(What you need to do)
Below are some records. Print exactly the lines between the one holding "A World War" and the one holding "- Happy Halloween", inclusive, and nothing else.

____________________

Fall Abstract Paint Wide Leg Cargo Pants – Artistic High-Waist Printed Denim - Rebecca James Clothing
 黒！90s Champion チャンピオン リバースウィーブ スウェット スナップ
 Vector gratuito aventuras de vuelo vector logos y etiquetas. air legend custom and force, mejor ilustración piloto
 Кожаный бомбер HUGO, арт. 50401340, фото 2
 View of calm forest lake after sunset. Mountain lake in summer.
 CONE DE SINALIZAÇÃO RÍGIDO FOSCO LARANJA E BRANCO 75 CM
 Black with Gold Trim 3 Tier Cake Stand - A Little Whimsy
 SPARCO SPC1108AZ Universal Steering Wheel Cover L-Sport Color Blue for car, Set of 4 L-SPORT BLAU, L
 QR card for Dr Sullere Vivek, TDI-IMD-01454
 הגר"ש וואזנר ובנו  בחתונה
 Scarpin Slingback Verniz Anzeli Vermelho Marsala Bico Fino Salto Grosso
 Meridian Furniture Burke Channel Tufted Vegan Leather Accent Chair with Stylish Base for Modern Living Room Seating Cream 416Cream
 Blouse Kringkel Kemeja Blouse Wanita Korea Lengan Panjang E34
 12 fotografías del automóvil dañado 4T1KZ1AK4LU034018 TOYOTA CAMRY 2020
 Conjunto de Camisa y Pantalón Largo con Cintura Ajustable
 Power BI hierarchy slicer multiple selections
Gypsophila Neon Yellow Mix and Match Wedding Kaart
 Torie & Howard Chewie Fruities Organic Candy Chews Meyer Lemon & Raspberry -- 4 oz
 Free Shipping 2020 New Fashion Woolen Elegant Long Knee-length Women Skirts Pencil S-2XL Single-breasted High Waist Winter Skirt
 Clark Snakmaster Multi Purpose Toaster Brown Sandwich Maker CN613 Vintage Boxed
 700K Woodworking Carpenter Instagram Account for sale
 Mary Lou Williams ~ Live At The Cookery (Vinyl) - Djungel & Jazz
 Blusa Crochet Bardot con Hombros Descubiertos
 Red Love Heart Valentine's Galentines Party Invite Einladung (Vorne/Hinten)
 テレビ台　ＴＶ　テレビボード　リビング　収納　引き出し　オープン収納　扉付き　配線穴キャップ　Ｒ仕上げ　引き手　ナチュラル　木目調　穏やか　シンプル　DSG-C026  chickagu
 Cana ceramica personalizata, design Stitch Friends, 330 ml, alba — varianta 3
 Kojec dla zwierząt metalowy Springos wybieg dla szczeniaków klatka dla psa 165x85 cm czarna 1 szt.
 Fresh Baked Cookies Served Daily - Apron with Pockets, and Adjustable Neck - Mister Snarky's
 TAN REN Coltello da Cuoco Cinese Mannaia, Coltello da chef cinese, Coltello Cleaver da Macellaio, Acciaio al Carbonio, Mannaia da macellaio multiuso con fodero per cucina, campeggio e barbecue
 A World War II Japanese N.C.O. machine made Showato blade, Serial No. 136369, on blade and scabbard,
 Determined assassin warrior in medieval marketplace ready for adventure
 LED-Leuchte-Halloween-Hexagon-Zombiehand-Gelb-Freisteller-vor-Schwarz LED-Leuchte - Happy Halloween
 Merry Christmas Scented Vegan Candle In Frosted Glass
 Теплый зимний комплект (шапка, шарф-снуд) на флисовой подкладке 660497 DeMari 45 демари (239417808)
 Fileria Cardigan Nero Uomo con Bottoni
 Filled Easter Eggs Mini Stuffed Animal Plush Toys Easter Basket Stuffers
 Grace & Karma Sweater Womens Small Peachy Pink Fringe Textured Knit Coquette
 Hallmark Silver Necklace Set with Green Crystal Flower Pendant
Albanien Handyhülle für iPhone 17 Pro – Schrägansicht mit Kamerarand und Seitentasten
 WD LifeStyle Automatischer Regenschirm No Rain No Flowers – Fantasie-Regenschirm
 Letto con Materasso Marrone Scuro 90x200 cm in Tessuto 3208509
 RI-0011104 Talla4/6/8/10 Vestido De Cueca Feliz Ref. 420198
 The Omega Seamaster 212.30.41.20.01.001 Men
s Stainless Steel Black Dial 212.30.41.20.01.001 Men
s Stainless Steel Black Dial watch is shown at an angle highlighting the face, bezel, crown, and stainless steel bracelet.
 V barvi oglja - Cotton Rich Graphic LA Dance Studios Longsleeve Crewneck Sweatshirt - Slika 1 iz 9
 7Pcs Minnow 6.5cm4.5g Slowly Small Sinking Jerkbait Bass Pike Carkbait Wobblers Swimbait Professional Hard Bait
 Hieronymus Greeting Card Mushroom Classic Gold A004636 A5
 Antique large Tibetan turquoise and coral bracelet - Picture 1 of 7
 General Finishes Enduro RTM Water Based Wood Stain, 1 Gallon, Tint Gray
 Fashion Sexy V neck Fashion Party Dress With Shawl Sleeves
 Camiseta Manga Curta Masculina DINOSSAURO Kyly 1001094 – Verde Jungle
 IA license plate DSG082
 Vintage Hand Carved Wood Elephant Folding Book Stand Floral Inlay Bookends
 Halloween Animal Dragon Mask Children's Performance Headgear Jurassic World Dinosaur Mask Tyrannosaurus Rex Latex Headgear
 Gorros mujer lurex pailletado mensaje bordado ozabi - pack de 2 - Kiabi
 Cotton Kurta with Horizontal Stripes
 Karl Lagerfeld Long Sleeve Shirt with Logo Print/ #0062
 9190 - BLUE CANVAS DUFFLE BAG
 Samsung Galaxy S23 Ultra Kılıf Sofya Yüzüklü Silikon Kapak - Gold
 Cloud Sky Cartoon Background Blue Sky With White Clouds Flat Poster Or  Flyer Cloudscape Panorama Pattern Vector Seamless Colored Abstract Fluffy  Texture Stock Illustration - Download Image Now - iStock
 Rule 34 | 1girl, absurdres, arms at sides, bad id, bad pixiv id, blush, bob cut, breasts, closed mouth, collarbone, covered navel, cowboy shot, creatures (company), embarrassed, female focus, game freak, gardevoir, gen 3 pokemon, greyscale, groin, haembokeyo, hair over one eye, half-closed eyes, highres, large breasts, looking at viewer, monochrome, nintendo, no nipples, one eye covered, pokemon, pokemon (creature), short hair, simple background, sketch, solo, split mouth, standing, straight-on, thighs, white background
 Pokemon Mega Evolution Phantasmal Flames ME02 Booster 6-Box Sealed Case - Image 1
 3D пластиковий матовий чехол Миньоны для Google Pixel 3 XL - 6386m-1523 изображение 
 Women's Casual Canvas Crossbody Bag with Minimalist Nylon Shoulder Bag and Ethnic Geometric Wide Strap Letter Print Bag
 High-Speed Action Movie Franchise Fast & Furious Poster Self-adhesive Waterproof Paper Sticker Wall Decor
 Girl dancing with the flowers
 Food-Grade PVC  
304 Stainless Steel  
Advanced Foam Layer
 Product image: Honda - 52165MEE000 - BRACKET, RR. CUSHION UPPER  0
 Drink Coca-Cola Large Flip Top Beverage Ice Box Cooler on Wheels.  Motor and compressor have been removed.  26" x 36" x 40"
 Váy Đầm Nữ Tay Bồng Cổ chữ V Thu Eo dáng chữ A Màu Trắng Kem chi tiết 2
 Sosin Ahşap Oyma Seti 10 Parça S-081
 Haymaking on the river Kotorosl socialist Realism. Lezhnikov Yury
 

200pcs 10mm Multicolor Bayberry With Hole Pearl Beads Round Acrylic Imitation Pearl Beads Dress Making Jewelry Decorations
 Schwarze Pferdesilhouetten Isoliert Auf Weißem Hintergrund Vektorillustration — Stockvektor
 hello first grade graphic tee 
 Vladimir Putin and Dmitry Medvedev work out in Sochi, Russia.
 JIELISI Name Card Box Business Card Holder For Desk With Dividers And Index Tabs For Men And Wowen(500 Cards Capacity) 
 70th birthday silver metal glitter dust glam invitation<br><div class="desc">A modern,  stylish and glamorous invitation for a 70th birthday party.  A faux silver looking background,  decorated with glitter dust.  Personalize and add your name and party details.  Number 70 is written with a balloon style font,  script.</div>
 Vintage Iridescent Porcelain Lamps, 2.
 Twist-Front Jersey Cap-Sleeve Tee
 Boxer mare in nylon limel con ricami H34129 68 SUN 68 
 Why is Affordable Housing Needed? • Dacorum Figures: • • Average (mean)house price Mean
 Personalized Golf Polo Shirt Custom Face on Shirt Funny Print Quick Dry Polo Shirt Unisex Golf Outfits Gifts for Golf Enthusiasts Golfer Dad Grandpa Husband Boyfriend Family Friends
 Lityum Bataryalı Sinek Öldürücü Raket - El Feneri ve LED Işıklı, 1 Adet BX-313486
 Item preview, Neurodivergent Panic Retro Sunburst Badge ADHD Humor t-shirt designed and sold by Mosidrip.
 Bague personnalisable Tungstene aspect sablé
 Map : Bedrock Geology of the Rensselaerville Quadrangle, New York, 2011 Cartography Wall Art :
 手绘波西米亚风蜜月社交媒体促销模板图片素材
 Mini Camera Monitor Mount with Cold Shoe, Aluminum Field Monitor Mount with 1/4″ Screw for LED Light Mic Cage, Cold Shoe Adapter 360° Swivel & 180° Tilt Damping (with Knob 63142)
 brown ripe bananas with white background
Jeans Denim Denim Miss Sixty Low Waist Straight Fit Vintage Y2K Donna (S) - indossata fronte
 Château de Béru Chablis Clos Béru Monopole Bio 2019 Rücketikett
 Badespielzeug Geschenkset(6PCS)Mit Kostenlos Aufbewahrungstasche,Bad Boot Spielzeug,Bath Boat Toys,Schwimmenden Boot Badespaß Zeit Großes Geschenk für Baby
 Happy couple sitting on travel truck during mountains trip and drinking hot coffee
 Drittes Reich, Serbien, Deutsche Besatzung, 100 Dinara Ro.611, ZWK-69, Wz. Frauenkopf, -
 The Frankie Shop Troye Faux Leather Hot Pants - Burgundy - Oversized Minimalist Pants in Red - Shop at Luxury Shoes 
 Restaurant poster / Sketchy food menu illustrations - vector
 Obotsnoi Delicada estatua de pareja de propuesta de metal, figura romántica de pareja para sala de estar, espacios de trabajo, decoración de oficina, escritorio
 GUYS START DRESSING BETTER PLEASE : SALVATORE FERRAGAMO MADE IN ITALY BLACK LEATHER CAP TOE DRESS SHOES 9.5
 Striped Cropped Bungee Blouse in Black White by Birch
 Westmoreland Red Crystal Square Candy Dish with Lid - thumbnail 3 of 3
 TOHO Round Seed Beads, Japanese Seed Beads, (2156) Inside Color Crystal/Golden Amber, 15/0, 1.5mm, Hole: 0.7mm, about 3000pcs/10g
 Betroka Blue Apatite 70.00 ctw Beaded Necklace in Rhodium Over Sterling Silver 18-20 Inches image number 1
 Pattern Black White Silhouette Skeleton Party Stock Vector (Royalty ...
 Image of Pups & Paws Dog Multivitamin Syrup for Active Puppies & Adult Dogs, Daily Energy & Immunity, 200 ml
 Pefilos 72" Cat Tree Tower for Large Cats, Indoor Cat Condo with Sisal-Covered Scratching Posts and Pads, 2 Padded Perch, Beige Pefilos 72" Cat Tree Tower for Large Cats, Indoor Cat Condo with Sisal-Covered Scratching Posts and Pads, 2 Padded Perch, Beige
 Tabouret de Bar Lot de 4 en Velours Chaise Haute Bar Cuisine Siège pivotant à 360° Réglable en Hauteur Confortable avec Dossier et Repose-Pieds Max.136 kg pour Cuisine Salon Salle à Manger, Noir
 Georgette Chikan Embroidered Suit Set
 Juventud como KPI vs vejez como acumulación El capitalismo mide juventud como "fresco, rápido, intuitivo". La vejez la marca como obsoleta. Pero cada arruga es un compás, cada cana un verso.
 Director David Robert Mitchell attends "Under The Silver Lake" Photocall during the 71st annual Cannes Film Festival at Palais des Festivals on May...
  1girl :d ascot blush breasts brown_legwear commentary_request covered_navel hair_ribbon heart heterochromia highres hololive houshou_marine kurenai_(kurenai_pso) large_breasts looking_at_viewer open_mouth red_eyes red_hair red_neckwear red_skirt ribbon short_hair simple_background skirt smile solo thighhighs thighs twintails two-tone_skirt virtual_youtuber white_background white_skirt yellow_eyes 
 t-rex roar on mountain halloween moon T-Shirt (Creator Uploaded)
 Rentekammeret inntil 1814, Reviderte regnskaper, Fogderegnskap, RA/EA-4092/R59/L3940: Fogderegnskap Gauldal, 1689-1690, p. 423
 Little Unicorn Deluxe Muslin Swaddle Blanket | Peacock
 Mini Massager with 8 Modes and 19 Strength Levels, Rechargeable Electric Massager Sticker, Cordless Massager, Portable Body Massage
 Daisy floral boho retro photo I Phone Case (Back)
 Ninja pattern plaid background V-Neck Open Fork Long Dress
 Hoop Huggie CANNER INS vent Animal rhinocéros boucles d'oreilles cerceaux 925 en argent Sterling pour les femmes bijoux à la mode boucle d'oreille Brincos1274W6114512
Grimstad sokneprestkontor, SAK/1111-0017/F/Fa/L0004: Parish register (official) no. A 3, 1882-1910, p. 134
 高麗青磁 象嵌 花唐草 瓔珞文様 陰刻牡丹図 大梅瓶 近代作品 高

____________________

(Response area)
 A World War II Japanese N.C.O. machine made Showato blade, Serial No. 136369, on blade and scabbard,
 Determined assassin warrior in medieval marketplace ready for adventure
 LED-Leuchte-Halloween-Hexagon-Zombiehand-Gelb-Freisteller-vor-Schwarz LED-Leuchte - Happy Halloween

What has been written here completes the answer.